Applied Physics Seminar | Plasma wakefield acceleration of light

Alexander Thomas, Ph.D., Professor of Nuclear Engineering and Radiological Sciences, Professor of Electrical Engineering and Computer Science, College of Engineering and Professor of Physics, College of Literature, Science, and the Arts, University of Mic

Abstract:
Bright, coherent extreme ultraviolet (XUV) light has many important applications across the sciences.
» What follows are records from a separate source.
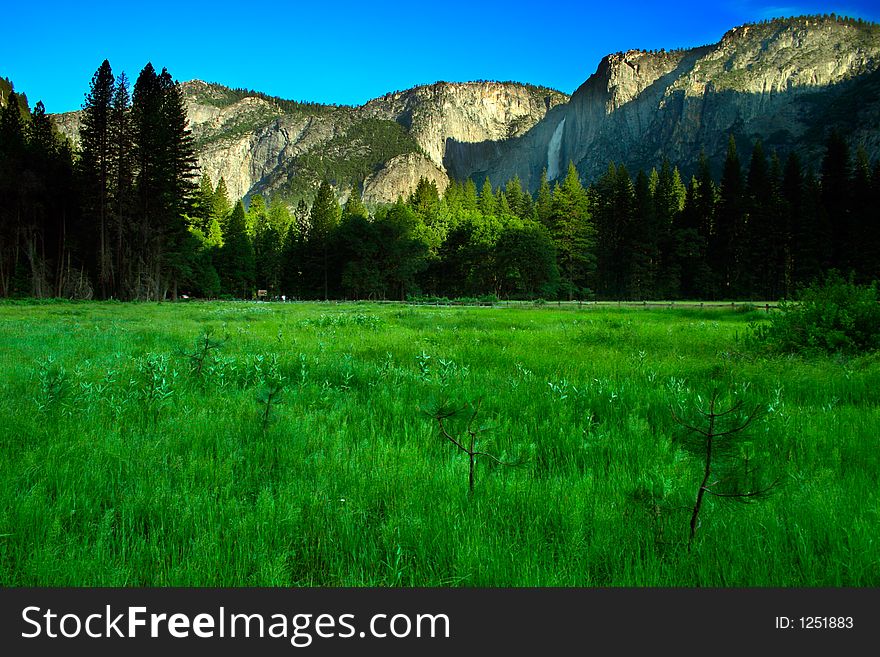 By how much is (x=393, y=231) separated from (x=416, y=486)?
71.0 m

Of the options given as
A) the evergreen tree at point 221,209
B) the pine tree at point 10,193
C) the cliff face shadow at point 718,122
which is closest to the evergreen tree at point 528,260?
the evergreen tree at point 221,209

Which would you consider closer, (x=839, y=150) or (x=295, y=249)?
(x=839, y=150)

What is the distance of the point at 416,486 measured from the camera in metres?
3.19

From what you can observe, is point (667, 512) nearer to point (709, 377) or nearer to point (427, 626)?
point (427, 626)

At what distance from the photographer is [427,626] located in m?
1.81

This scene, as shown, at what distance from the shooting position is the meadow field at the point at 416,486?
2268 millimetres

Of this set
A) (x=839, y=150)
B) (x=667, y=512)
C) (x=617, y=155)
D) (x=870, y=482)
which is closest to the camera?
(x=667, y=512)

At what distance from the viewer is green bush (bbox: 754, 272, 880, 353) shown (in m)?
9.43


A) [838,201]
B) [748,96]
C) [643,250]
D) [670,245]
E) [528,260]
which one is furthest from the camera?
[748,96]

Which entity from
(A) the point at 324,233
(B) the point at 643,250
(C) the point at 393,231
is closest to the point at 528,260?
(B) the point at 643,250

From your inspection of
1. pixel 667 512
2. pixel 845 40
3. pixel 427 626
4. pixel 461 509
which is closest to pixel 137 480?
pixel 461 509

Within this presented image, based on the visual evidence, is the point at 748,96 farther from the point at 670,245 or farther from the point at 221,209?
the point at 221,209

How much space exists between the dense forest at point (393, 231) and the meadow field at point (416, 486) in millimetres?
44599

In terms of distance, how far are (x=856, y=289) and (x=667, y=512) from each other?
10.6 meters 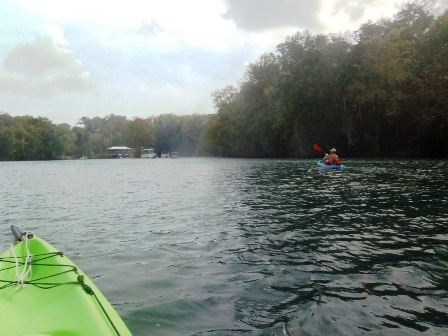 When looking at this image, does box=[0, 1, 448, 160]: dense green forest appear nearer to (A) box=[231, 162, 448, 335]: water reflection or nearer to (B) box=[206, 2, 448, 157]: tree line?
(B) box=[206, 2, 448, 157]: tree line

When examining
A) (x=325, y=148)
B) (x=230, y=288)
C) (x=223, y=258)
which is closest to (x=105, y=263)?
(x=223, y=258)

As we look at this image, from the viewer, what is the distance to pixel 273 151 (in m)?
71.1

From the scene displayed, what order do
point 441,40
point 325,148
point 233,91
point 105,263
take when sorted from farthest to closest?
1. point 233,91
2. point 325,148
3. point 441,40
4. point 105,263

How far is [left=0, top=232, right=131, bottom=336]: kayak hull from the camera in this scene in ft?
11.0

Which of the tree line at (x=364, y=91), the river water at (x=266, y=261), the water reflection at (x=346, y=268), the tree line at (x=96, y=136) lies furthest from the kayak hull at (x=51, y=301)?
the tree line at (x=96, y=136)

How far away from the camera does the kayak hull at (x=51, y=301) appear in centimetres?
335

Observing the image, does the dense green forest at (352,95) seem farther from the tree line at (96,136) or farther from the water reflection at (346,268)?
the tree line at (96,136)

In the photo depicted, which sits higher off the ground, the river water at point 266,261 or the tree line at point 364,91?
the tree line at point 364,91

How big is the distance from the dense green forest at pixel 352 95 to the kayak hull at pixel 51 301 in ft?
148

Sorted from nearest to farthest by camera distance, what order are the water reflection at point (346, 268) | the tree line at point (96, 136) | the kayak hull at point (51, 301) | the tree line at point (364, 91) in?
1. the kayak hull at point (51, 301)
2. the water reflection at point (346, 268)
3. the tree line at point (364, 91)
4. the tree line at point (96, 136)

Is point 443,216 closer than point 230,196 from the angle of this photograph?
Yes

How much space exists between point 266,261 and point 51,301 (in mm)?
4042

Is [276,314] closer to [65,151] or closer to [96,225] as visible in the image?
[96,225]

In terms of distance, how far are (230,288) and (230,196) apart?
1073 centimetres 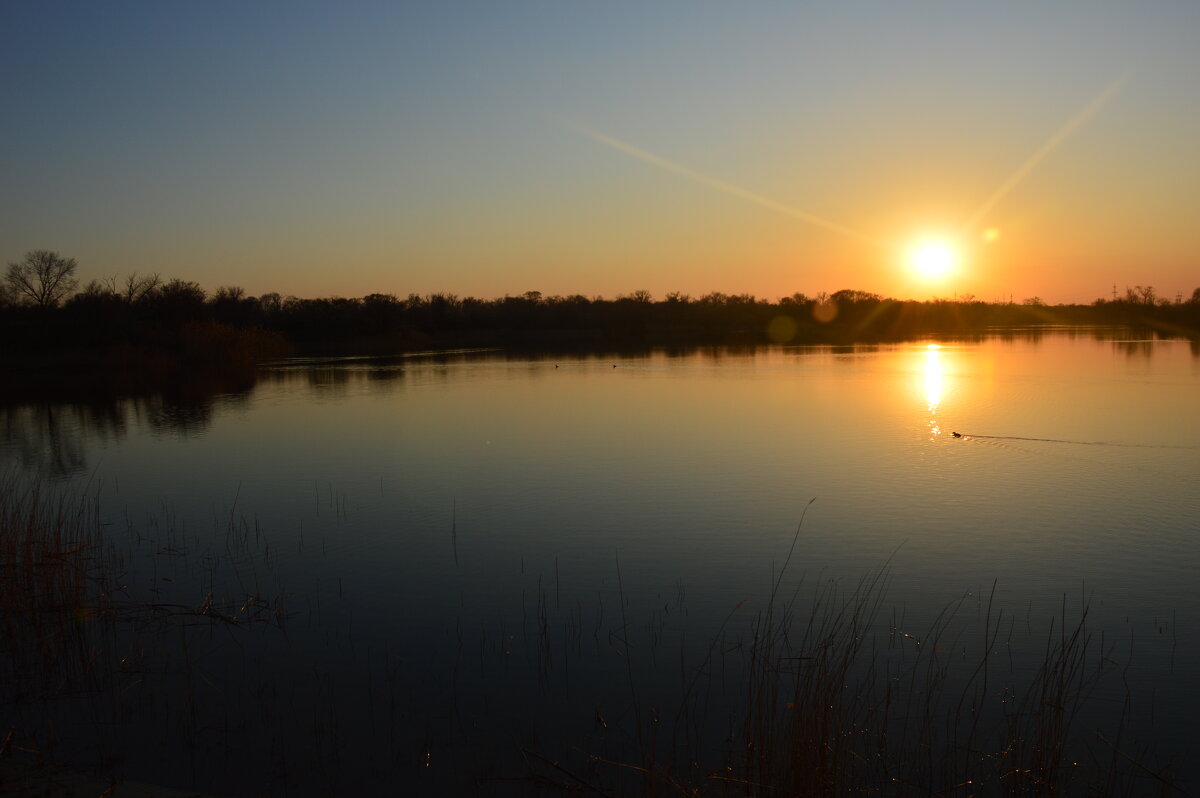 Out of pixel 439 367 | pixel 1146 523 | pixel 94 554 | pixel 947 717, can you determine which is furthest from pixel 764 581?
pixel 439 367

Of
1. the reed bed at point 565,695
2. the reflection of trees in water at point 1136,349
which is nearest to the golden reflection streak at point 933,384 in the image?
the reflection of trees in water at point 1136,349

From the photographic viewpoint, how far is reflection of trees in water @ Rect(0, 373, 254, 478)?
57.0 feet

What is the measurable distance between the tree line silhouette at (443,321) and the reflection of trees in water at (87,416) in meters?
11.5

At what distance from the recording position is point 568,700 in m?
5.83

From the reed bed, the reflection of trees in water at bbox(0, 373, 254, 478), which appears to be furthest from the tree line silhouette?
the reed bed

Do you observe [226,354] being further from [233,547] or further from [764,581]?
[764,581]

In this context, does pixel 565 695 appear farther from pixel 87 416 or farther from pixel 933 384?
pixel 933 384

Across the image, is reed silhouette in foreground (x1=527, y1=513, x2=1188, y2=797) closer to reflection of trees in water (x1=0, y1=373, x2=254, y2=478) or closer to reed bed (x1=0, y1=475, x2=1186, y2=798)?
reed bed (x1=0, y1=475, x2=1186, y2=798)

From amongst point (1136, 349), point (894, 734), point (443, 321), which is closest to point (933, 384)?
point (1136, 349)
Frequency upshifting of an optical laser pulse in the co-moving
refractive index gradient of a relativistic phase-velocity plasma wave is one method for producing short wavelengths at high intensity. Beam-driven plasma wakefields can
generate arbitrarily high frequency-upshifts of `relativistically intense' light pulses and preserve their spatio-polarization structure. We present some recent theoretical
advancements in understanding photon kinetics in plasma wakes. Ab-initio quasi-3D, boosted-frame electromagnetic particle-in-cell simulations show the formation of
attosecond duration XUV light with 30-nm wavelengths, nearly flat phase fronts and high pulse-energy. The use of such XUV laser light in laser-beam collisions at 50 GeV
energies would enable studies of the most extreme regimes of strong field QED at the onset of the fully non-perturbative regime.